Tantrik gelenek: “İda” adlı enerji kanalı Ay ile özdeşleştirilmiş; bedende dişi enerji (Şakti) olarak okunur.


Amerika Yerli Kültürleri

Kızılderili inançları: Kadınların menstrüel döngüsü “Ay zamanı” diye adlandırılır. Pek çok kabilede kadınlar Ay Döngüsü kulübelerinde inzivaya çekilir, bunu ruhsal yenilenme zamanı olarak görür.

Maya ve Aztek: Ay tanrıçaları (ör. Maya’da Ix Chel) doğum, kadın hastalıkları, şifacılık ile ilişkilendirilmiştir.


Afrika ve Diğer Yerel Sistemler

Afrika kabileleri: Ay tanrıçaları genellikle doğum, yağmur ve tarımla ilişkilendirilmiştir. Kadınlar ay fazlarına göre ritüellere katılır.

Polinezya kültleri: Ay tanrıçaları doğumu ve denizi yönetir; kadının biyolojik döngüsüyle ay fazları birlikte kutsallaştırılır.


Felsefi–Arketipsel Sebep

Yin–Yang Modeli (Çin): Güneş = Yang (erkek, aktif, sabit), Ay = Yin (kadın, pasif değil ama dönüştürücü, ritmik, alıcı). Bu ikilik, doğanın temel metafiziği olarak görülür.

Arketip olarak Döngüsellik: Kadın hayatı taşıdığı için, toplumlar onu “ölüm–yeniden doğum” döngüsünün en görünür örneği saymıştır. Ay da göksel düzlemde aynı hareketi sergilediğinden, kadın–Ay eşleştirmesi evrensel bir sembol olmuştur.

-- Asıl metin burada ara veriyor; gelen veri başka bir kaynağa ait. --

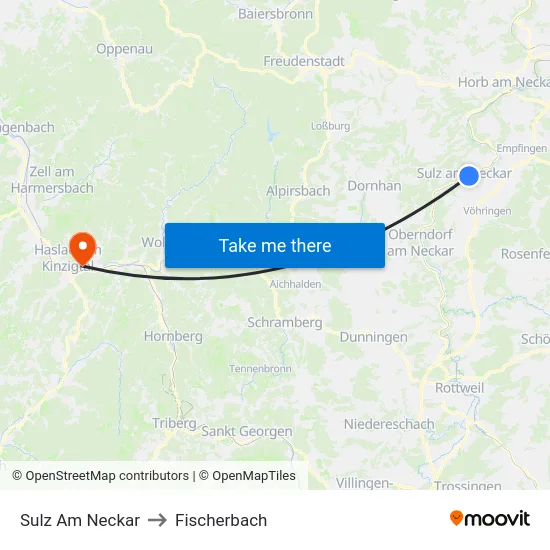Sulz Am Neckar to Fischerbach map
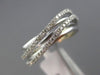 ESTATE .47CT DIAMOND 18KT WHITE GOLD 3D OPEN MULTI ROW CRISS CROSS LOVE RING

Yahudilik ile Karşılaştırma

Ortaklıklar: Döngüsel süre, doğurganlık, gizlenme–yeniden doğuş, kozmik zamanın kadının bedeniyle eşleştirilmesi.

Farklılıklar: Yahudilik bu bağı halakhik ve kimliksel bir sistemin içine oturtmuştur. Diğer kültlerde daha çok mitolojik ve doğurganlık merkezli iken, Yahudilik’te bu bağ kadın kimliğinin ulusal aidiyeti belirlemesi (matrilineallik), mitsvalar (Roş Hodeş) ve Kabala’daki Malkhut–şekhina metafiziği ile kurumsallaştırılmıştır.


Sonuç

Kadın–Ay ilişkisi evrensel bir doğa gözleminden doğar: döngülerin çakışması.

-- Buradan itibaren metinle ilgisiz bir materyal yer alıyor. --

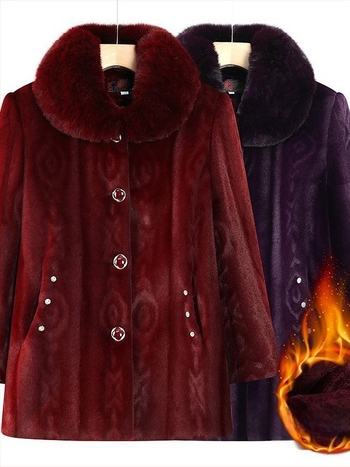 Palton de iarnă pentru femei de vârstă mijlocie și în vârstă, cu căptușeală de fleece, model geometric, stil casual, compoziție: spandex 80–90% + poliester 80–90%, lungime medie 50–65 cm, sezon iarna 2024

Doğada: Bereket, su, doğum.

Mitolojide: Ay tanrıçaları, doğum ve ölümün efendileri.

Felsefede: Yin–Yang, döngüsel–lineer zaman ayrımı.

Yahudilikte: Roş Hodeş, Malkhut, şekhina, Mesih dönemi.

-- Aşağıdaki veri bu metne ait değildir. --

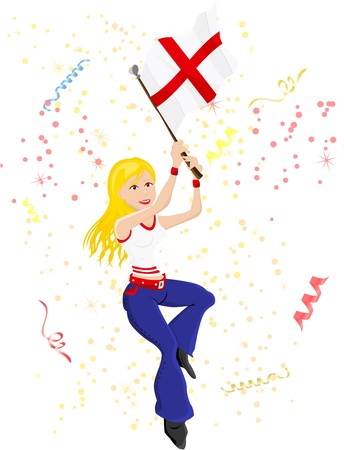 England Soccer Fan with flag. のイラスト素材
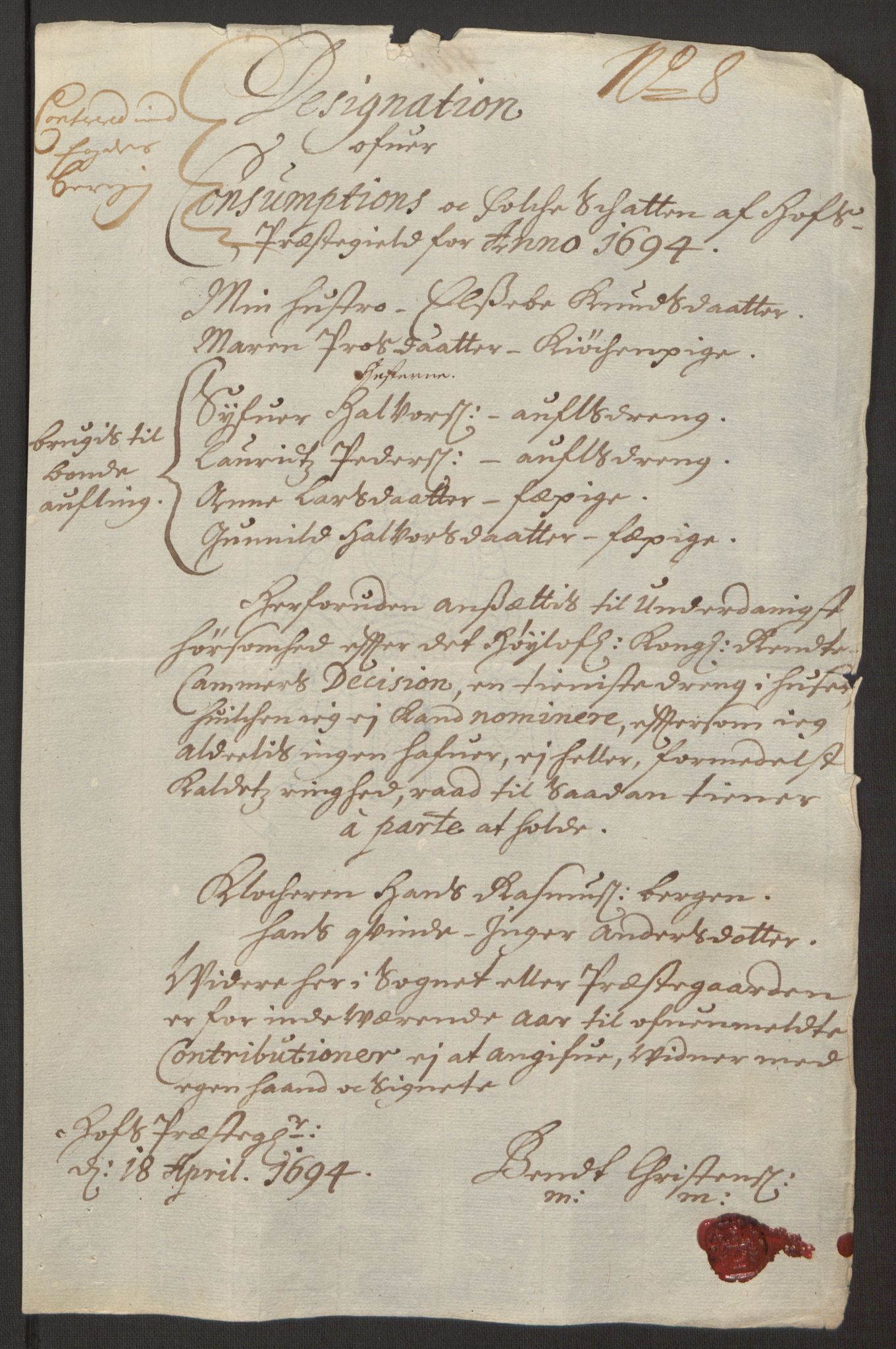 Rentekammeret inntil 1814, Reviderte regnskaper, Fogderegnskap, RA/EA-4092/R32/L1867: Fogderegnskap Jarlsberg grevskap, 1694-1696, s. 38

Bu nedenle kadın–Ay bağı, hem biyolojik hem kozmik, hem de teolojik düzeyde “zamanın taşıyıcılığı” metaforu haline gelmiş; farklı kültürlerde farklı formlar alsa da özü hep aynı kalmıştır: kadın = döngünün, yenilenmenin, hayatın devamlılığının aynasıdır.

Mesih Dönemi ile Dişil Çağ Arasındaki İlişki

Yahudi mistisizmine göre Mesih dönemi yalnızca siyasi bir kurtuluş ya da tarihsel bir olay değildir. Asıl anlamı, kozmik düzenin dönüşmesidir. Bu dönüşümün merkezinde de dişil ilkenin yükselişi vardır.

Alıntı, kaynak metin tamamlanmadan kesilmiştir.